ACTION ITEM: Transcribe nothing except the lines below that run from the one with "So how do we" to the one with "In the Source", ends included, and do not copy any picture.

RECORDS FOR PROCESSING:
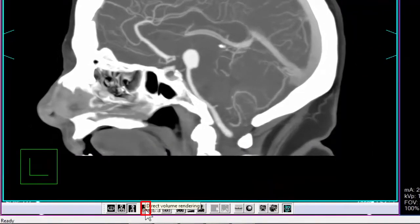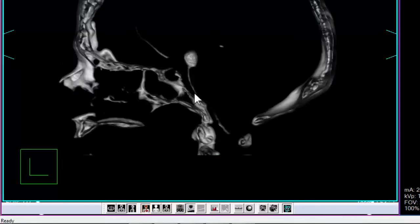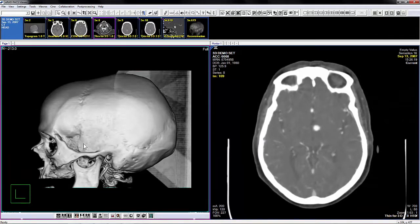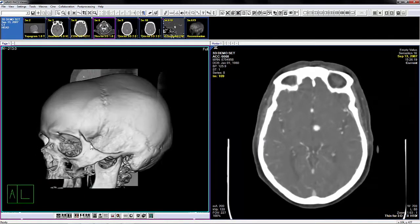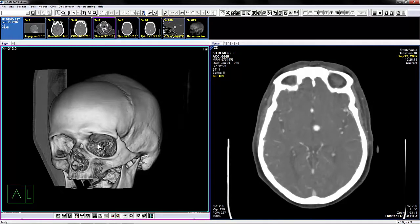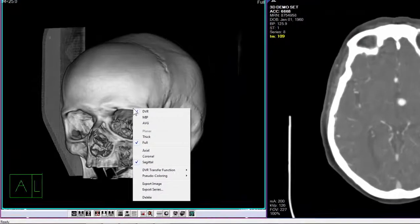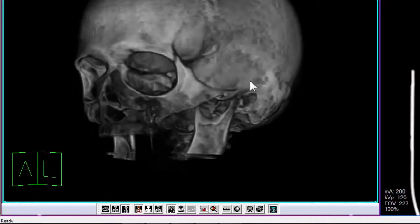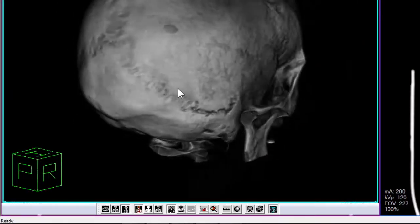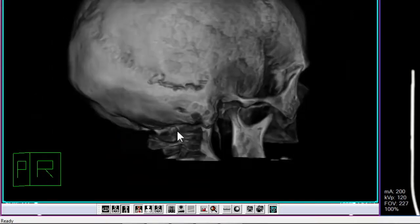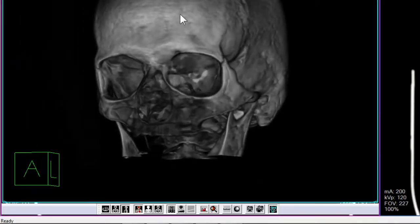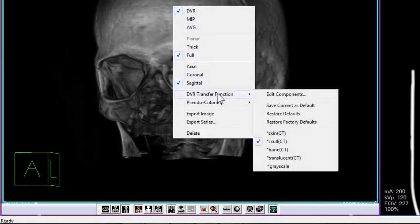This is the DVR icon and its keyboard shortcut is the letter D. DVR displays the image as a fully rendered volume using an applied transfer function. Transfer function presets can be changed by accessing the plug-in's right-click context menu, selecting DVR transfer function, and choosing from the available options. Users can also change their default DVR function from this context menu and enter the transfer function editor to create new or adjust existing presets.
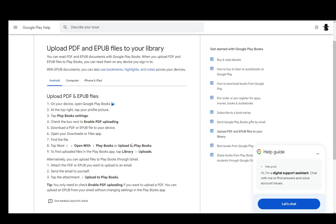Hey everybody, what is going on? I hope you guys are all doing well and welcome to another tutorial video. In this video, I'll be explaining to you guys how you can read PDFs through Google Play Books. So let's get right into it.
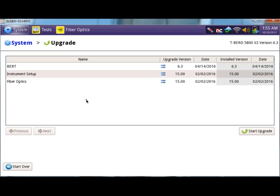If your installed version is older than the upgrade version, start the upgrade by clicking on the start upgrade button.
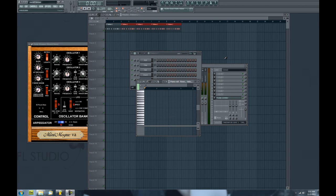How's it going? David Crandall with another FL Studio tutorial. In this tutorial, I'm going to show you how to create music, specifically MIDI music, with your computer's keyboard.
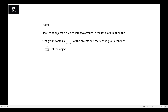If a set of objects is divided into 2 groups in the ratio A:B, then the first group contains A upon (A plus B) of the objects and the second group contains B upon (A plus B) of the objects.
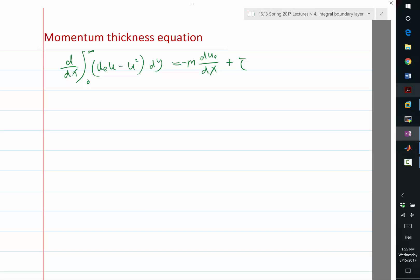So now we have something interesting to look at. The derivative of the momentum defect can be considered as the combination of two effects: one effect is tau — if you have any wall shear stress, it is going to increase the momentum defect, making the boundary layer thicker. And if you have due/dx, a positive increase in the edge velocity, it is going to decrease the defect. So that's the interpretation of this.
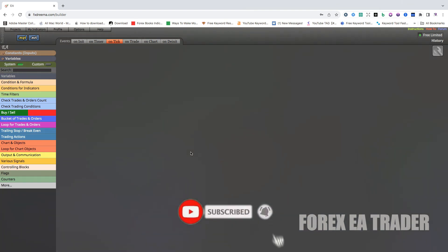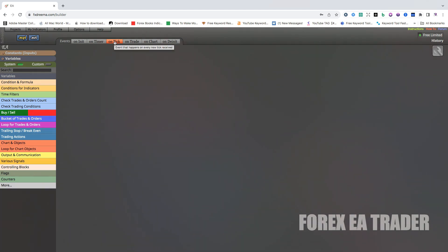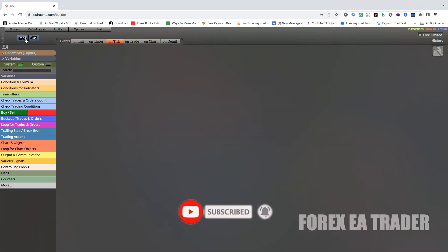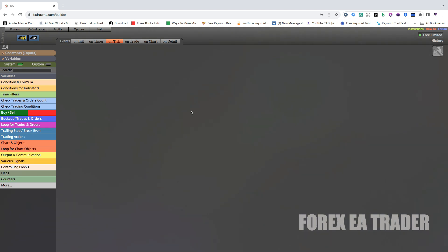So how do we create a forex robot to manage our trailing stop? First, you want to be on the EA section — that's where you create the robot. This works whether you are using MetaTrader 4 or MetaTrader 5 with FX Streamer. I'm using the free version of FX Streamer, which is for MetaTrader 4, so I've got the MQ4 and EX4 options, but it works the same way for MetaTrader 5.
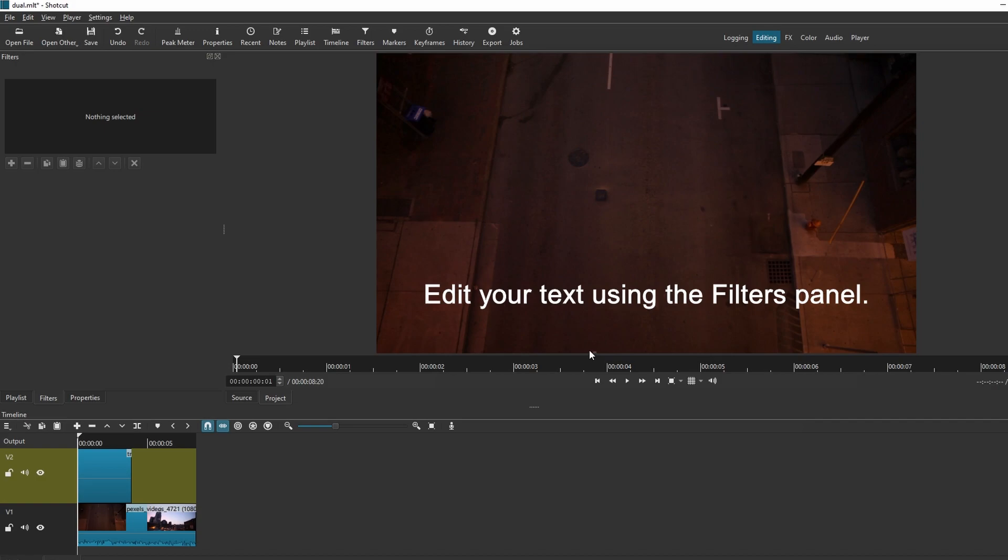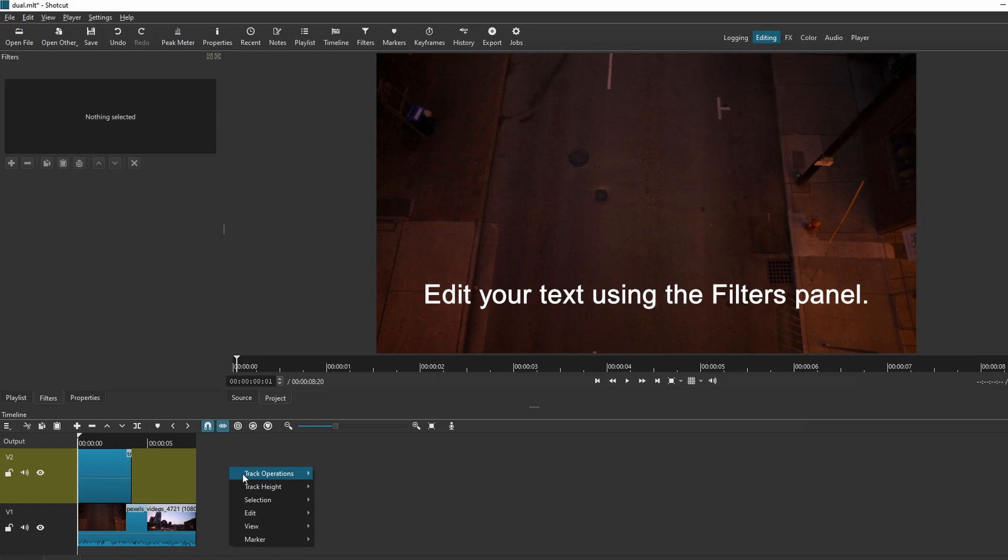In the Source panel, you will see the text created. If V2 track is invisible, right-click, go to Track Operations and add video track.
* * *
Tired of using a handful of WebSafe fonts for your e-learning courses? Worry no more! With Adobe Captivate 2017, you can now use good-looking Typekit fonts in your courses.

RESPONSE FOR THIS EXERCISE:
So how do we create a forex robot to manage our trailing stop? First, you want to be on the EA section — that's where you create the robot. This works whether you are using MetaTrader 4 or MetaTrader 5 with FX Streamer. I'm using the free version of FX Streamer, which is for MetaTrader 4, so I've got the MQ4 and EX4 options, but it works the same way for MetaTrader 5.
In the Source panel, you will see the text created. If V2 track is invisible, right-click, go to Track Operations and add video track.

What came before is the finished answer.